See, in my experience with controlling people, what you’re laying out leads to either one of two things:
(1) Exhausting as OP has to be totally subservient to the MIL all the time, because she has no boundaries and everything is ok.
(2) More and worse clashes in the future.
That’s the fundamental problem here. She simply can’t live with the MIL behaving like this. No one can live in a healthy way with someone else behaving like this. She will have to set a boundary sooner or later, unless she intents to turn over not only her husband but her children to this woman. If she doesn’t do that early, it’s going to be a worse battle. If she is half-hearted and allows some inappropriate behavior, what that teaches is that the behavior is ok sometimes - so the MIL will keep pushing even harder when they do say no, because sometimes it’s ok, and maybe if she pushes hard enough OP will give in!
Boundaries aren’t some special thing for difficult people; they exist in any healthy relationship. They’re often unstated or only lightly stated, because in a healthy relationship each party respects the other’s wishes. But sometimes when you get someone who doesn’t really see the need to respect others. That’s when they become more explicit. But they’re not an attempt to get angry or control the other person - simply to define the relationship in as healthy a manner as you can.
You’re still trying to treat this like a normal, rational person. You can’t do that with people like this. It’s like dealing with dog, in many ways. If you don’t want the dog to beg at the table, you must never ever feed it scraps from the table. If you feed it scraps sometimes, but say no other times, you will have to deal with more begging the other times.
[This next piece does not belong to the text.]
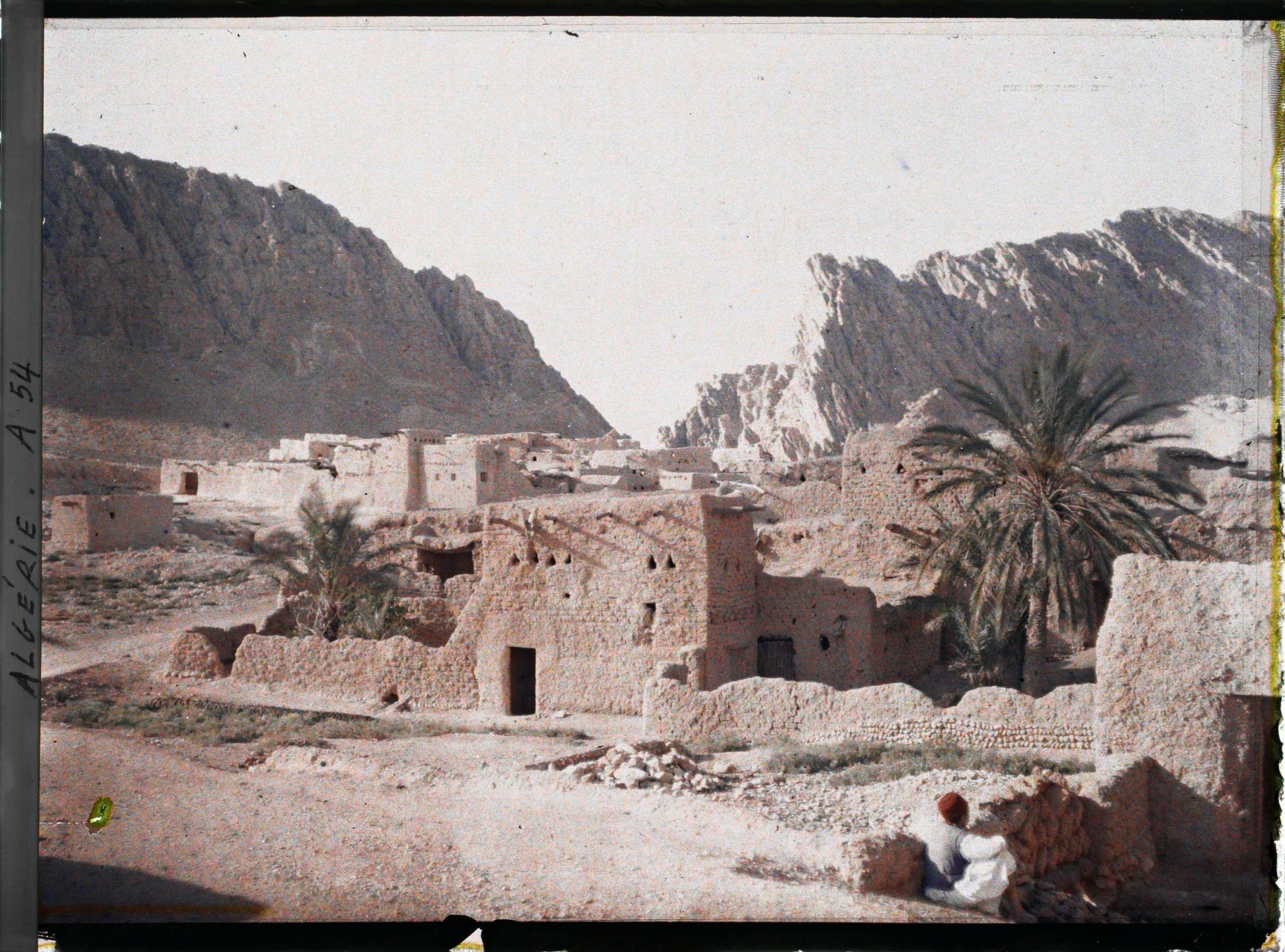 Image représentant Vue d'ensemble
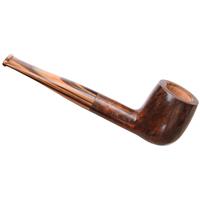 Savinelli Tundra Smooth (106) (6mm)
Believe me, I’ve lived this with a controlling parent. That’s why I say these things. Because I tried the sort of approach you suggest for years, and that’s exactly what happened. I found myself meeting her halfway so often that we would end up meeting right where she wanted to be all the time. It got to the point where I was literally physically shaking trying to deal with her, while at the same time being yelled at for how awful and selfish I was being for going against her and how if I’d just let her fix everything my stress would go away. To where I was repeatedly saying no and the only thing that no meant was “yell at me more until I say yes.” (I would also say, with things as they are, there’s a high chance of MIL ending up living with them.)
I would want to bring the husband on board if possible, yes. But I worry that this could turn into a situation where both OP and her children are in an untenable situation. And frankly her husband shows signs of not entirely thinking clearly. Parents like that, they raise you to think that if you’re not a subservient child to them all the time you are a horrible hateful person who probably just wants their parents to die so they won’t bother them anymore. It can actually help to see that the world doesn’t end when someone else says no.